When Mathis and Shannon returned, Giselle and her kids were getting into their car, and Giselle told them to call 911. Corrales was no longer breathing. Shannon called 911 from her telephone. Mathis went into the house with defendant, where Corrales was on the couch in the master bedroom. Mathis grabbed the telephone from Shannon and gave the dispatcher the address, and the dispatcher walked him through performing chest compressions on Corrales. He was still doing them three to four minutes later when the police arrived. Before the police arrived, Mathis told defendant to leave, and defendant fled out the door to the backyard.
The responding officer (with 13 years' experience) and paramedic (with 20 years' experience) had never seen bruising as extensive as Corrales's bruising. The paramedic pronounced Corrales dead at the scene.
Investigating officers from the Riverside County Sheriff's Department (one with 15 years' experience and the other with 13 years' experience) also noted they had never seen bruising as extensive as Corrales's injuries. Corrales had a vein in the bend of her right arm that appeared to be "blown out," or used extensively for drug use.
Some of the marks on Corrales's body looked as though they were the result of being struck by a cord. In the closet, an investigator found a piece of white plastic pipe with cables wrapped around it and secured with clear tape. Other loose cables were on the floor. The investigator found clear tape elsewhere in the room that appeared to match the tape on the cables. Another piece of white plastic pipe was under the bed, and a broken wooden handle of some sort was also in the room. It appeared to the investigator that Corrales's injuries might have been inflicted with these items—that is, by whipping her with the cables wrapped around the pipe, and by striking her with the other piece of pipe and wooden handle.

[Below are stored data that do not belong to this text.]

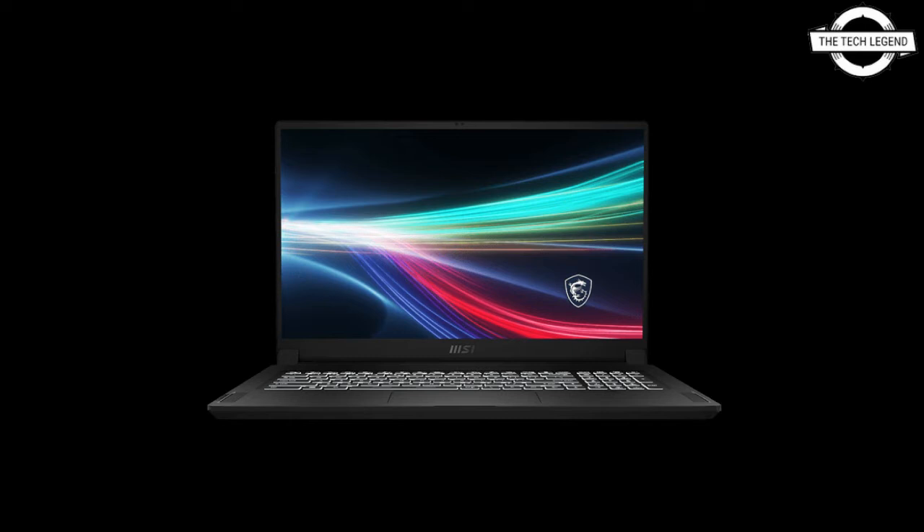The MSI Prestige 15 A11SB-465GP is a 15.6 inch full HD notebook PC for business, powered by a Core i7-1185G7 processor and a GeForce MX450 graphics card. Main specifications include DDR4 32GB memory, 512GB NVMe M.2 SSD storage, IEEE 802.11 a/b/g/ac/ax wireless networking, and Bluetooth 5.1.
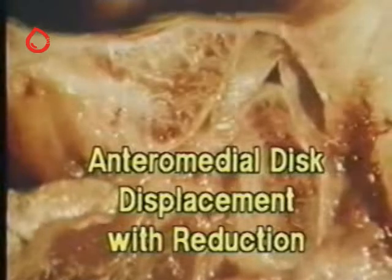In this joint the disk is biplanar. It's located on top of the condyle.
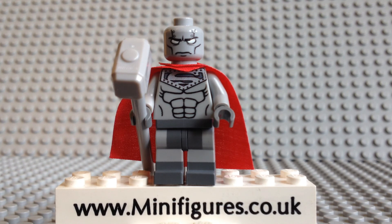What do you guys think of Steel? Let me know in the comments section below. Thank you for watching this minifigures.co.uk custom minifigure review. If you enjoyed it give us a big thumbs up and be sure to check out some of our other video reviews.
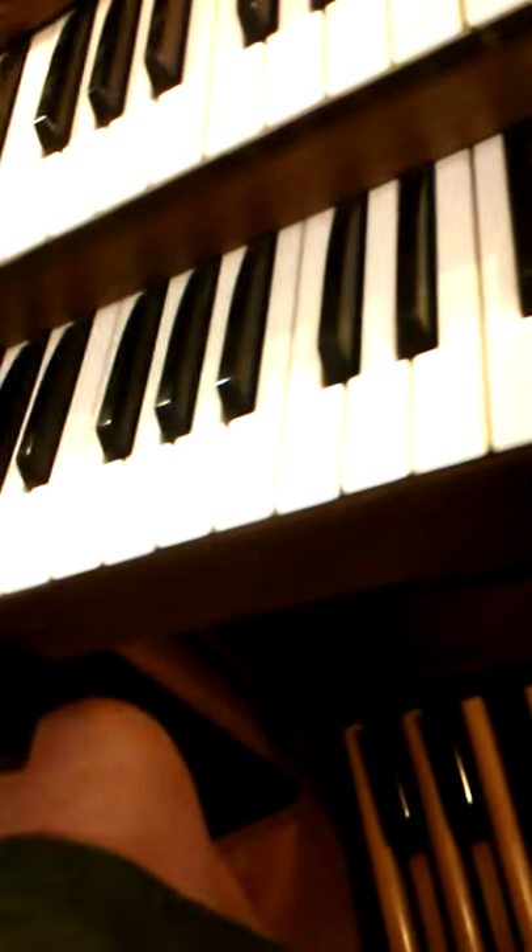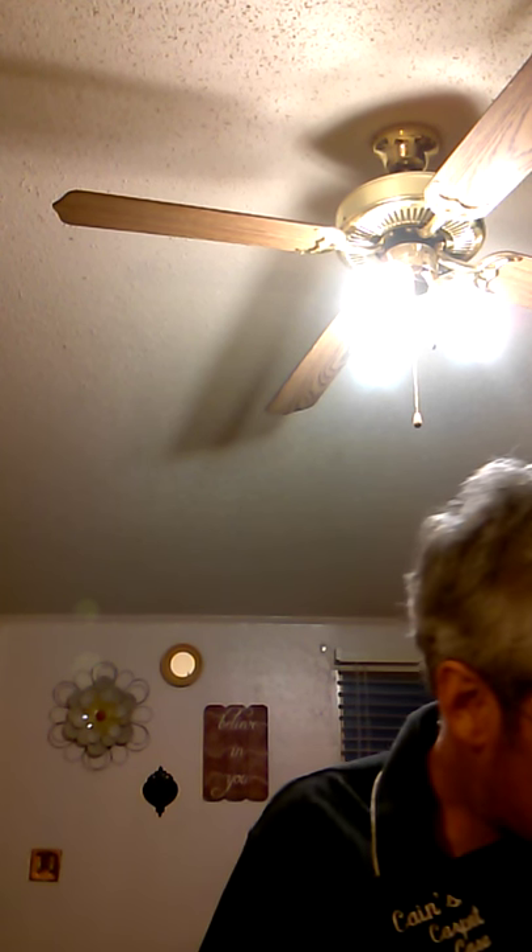And so I'm going to, without any further ado, just sit down and play you all a tune for you all to enjoy.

There were also three cellular telephones in the master bedroom, including a white iPhone belonging to Corrales. The white iPhone contained a video recorded on August 16, 2013 at approximately 11:00 a.m. It depicted defendant and Corrales. Corrales was crying and saying, "[N]o babe, baby, baby please, please." Defendant responded, "I got to," and "You gonna go? You gonna go? You know I'm going to babe." The video ended on Corrales saying, "No, no, please, you don't have to."
The deputy coroner who responded to the scene did not find any signs of a drug overdose or recent puncture marks of the type caused by a syringe. Corrales had bruising on her arms, hand, thighs, hips, shins, face, breast, chest, shoulders, abdomen, buttocks, and most of her back. She also had abrasions on her chin, temple, abdomen, breast, arms, and legs, and a bump on the back of her head. Some of the bruising looked like the markings of a cord. Corrales's bruising was not consistent with lividity, or the gravitational pooling of blood that occurs after death, when a person's heart stops pumping blood. In her eight-year career, the coroner had never seen bruising as extensive as Corrales's bruising.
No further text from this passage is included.